AniFaceDiff: Animating Stylized Avatars via Parametric Conditioned Diffusion Models
This work addresses quality issues in virtual stylized animation for applications like entertainment and virtual environments, representing an incremental improvement over existing methods.
The paper tackles the problem of unintended identity leakage and expression detail loss when animating stylized avatars using generative models, proposing AniFaceDiff, which achieves state-of-the-art results with superior image quality and expression accuracy across diverse styles.

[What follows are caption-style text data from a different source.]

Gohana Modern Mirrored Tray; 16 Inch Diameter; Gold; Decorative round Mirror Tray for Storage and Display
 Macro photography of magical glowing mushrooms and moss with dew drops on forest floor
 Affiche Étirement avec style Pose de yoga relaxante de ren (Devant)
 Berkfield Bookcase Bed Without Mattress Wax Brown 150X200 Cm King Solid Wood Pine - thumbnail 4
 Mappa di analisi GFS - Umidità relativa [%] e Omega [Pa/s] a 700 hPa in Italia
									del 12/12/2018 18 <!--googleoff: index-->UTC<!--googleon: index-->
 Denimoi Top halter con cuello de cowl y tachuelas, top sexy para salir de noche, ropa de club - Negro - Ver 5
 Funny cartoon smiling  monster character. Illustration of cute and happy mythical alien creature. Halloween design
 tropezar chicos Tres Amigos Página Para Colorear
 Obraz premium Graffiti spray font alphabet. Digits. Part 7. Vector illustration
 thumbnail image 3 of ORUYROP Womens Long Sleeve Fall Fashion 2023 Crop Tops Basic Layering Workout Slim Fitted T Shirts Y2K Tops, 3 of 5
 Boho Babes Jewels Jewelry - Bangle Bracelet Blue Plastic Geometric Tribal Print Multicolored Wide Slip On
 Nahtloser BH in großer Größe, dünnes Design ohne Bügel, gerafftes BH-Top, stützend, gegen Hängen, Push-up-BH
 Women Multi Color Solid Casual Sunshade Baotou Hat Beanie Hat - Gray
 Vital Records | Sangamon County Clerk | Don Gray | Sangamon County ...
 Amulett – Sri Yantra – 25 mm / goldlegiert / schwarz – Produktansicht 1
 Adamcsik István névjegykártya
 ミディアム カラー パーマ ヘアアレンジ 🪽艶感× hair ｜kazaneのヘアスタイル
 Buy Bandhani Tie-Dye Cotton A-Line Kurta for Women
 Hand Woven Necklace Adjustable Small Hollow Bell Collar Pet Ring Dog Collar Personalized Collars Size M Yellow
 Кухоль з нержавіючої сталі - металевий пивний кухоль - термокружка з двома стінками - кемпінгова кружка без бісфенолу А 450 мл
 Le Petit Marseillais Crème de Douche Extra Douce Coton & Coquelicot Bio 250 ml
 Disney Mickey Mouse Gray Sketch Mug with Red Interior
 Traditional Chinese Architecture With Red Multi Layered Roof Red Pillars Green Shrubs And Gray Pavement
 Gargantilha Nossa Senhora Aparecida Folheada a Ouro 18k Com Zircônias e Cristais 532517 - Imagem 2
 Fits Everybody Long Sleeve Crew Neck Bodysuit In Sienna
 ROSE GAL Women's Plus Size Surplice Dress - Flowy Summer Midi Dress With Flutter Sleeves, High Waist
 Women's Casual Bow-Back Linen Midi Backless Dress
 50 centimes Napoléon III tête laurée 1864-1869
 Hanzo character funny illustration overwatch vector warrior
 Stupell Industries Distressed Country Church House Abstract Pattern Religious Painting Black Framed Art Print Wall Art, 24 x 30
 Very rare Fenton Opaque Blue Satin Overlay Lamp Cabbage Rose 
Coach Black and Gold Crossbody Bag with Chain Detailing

Animating stylized avatars with dynamic poses and expressions has attracted increasing attention for its broad range of applications. Previous research has made significant progress by training controllable generative models to synthesize animations based on reference characteristics, pose, and expression conditions. However, the mechanisms used in these methods to control pose and expression often inadvertently introduce unintended features from the target motion, while also causing a loss of expression-related details, particularly when applied to stylized animation. This paper proposes a new method based on Stable Diffusion, called AniFaceDiff, incorporating a new conditioning module for animating stylized avatars. First, we propose a refined spatial conditioning approach by Facial Alignment to prevent the inclusion of identity characteristics from the target motion. Then, we introduce an Expression Adapter that incorporates additional cross-attention layers to address the potential loss of expression-related information. Our approach effectively preserves pose and expression from the target video while maintaining input image consistency. Extensive experiments demonstrate that our method achieves state-of-the-art results, showcasing superior image quality, preservation of reference features, and expression accuracy, particularly for out-of-domain animation across diverse styles, highlighting its versatility and strong generalization capabilities. This work aims to enhance the quality of virtual stylized animation for positive applications. To promote responsible use in virtual environments, we contribute to the advancement of detection for generative content by evaluating state-of-the-art detectors, highlighting potential areas for improvement, and suggesting solutions.